Moves to improve job security for teachers could end up limiting second-level students’ subject choices, a school management leader has warned.

Contracts ‘may limit options for students’

The recommendation of an expert group on fixed -term and part-time teaching was welcomed by teacher unions last week.

It should see non-permanent teachers entitled to a contract of indefinite duration ) from the next school year, if they have had more than two years on fixed-term contracts in a school. The Haddington Road Agreement had seen that reduced from a four -year period to three years last year, but the two-year recommendation is likely to take effect from next autumn.

The expert group, chaired by senior counsel Peter Ward, whose report was accepted last week by Education Minister Jan O’Sullivan, also recommends schools be allowed to redeploy teachers given a contract of indefinite duration after two years if they no longer need those teaching hours in a subject.

This could arise, for example, where demand for a subject drops and the teacher can not be time-tabled to fill their contracted hours.

However, Association of Community and Comprehensive Schools general secretary Eileen Salmon said issues may still arise for management.

“A school could have 10 hours of surplus in some subjects and they can’t redeploy half a teacher’s job,” she said.

“The same school could be completely tight for hours in another subject to meet the needs of students and the curriculum, so that is where this is tying down schools,” Ms Salmon said.

She said no school wants its teachers’ incomes curtailed, but their hands are tied by staffing allocations from the Department of Education.

“That’s where the conflict arises and we don’t know if this is going to resolve the problem.
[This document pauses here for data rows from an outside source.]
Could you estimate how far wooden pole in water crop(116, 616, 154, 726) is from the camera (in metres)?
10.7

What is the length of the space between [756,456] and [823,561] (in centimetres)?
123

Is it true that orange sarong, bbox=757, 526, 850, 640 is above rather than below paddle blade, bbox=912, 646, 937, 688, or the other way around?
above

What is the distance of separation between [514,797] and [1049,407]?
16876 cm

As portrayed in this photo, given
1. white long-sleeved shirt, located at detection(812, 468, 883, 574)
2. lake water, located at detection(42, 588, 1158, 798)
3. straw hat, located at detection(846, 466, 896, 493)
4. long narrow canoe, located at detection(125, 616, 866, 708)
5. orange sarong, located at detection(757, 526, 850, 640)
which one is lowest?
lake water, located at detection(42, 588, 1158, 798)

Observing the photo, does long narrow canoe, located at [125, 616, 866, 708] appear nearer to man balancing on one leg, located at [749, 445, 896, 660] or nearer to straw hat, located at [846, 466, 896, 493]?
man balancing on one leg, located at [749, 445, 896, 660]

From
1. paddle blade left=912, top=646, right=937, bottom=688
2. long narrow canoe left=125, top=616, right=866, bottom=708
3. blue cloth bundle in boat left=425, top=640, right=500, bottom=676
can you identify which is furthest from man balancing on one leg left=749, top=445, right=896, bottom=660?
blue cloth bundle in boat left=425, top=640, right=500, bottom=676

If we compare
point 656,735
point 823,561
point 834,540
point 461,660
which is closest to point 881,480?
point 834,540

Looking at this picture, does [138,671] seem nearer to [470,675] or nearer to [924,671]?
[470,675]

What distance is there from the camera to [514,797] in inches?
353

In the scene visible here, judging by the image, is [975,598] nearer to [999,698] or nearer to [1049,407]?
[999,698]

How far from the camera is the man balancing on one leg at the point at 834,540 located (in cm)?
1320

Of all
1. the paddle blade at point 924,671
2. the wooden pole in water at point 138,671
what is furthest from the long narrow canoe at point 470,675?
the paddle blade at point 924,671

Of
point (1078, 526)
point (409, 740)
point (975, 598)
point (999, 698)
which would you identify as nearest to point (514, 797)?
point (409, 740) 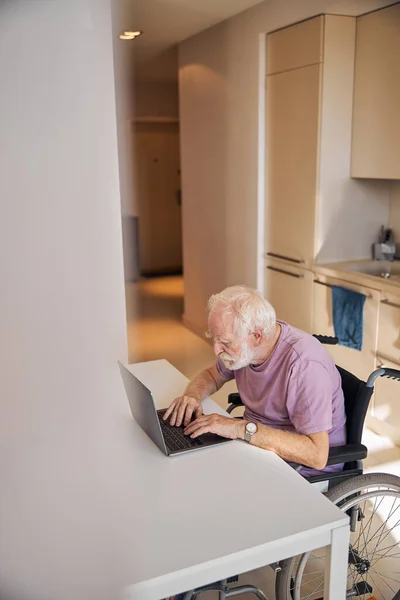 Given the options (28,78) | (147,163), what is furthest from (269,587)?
(147,163)

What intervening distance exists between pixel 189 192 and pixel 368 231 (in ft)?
5.16

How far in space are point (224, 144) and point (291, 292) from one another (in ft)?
3.64

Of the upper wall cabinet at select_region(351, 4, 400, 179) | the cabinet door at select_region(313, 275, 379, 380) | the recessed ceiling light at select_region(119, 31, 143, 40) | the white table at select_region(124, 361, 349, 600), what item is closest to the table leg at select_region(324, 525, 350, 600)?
the white table at select_region(124, 361, 349, 600)

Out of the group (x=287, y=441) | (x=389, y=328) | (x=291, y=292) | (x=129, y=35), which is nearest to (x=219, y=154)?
(x=129, y=35)

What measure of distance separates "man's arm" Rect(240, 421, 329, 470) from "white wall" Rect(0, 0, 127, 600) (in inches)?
14.9

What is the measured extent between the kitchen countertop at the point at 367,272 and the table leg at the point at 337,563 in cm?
157

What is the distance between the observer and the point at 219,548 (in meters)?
1.04

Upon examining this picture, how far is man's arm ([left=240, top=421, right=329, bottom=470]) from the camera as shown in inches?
55.2

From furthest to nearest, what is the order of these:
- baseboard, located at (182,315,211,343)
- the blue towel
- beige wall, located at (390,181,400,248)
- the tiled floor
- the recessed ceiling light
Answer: baseboard, located at (182,315,211,343) → the recessed ceiling light → beige wall, located at (390,181,400,248) → the blue towel → the tiled floor

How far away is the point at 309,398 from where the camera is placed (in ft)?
4.74

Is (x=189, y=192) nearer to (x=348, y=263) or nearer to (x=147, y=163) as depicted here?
(x=348, y=263)

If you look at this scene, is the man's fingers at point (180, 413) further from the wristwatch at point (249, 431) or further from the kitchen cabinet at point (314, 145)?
the kitchen cabinet at point (314, 145)

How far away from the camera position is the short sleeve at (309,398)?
1423 mm

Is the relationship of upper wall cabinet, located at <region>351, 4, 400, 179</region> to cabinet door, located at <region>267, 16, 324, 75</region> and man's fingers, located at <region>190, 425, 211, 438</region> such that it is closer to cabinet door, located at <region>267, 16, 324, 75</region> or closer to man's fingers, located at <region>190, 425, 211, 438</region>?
cabinet door, located at <region>267, 16, 324, 75</region>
The mainstream pupil-teacher ratio really ties us down, so hopefully it is extended in the budget; it would certainly improve the education system if you had a smaller PTR,” she said.

The expert group also recommended a system to allow teachers to split their employment between two schools, to help schools respond more flexibly to changing curricular demands, but such a system would only be introduced on a pilot basis at first. The report cited department figures showing that more than a third of second-level teachers and 9% in primary schools in 2013 did not have permanent jobs.

Ms O’Sullivan plans to implement the recommendations, saying they would benefit the education system as well as improving job security and stability of employment.

She has also been urged by the Joint Managerial Body, which represents around half of second-level schools, to restore the 18:1 teacher allocation levels that were replaced with a 19:1 rate in 2009.